(Your instructions)
The following data has a line with "2026 PYUH Twisted" and a line with "4820 Williams Drive Georgetown, TX 78633". Write out exactly those lines and all the lines between them.

(Data for the task)
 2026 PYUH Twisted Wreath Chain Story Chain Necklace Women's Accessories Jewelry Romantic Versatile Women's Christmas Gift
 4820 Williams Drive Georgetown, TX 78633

==

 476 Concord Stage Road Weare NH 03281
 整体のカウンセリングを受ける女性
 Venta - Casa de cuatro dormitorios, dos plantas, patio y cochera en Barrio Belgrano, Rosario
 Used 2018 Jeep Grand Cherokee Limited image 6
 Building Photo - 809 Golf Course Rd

(Output of the task)
 2026 PYUH Twisted Wreath Chain Story Chain Necklace Women's Accessories Jewelry Romantic Versatile Women's Christmas Gift
 4820 Williams Drive Georgetown, TX 78633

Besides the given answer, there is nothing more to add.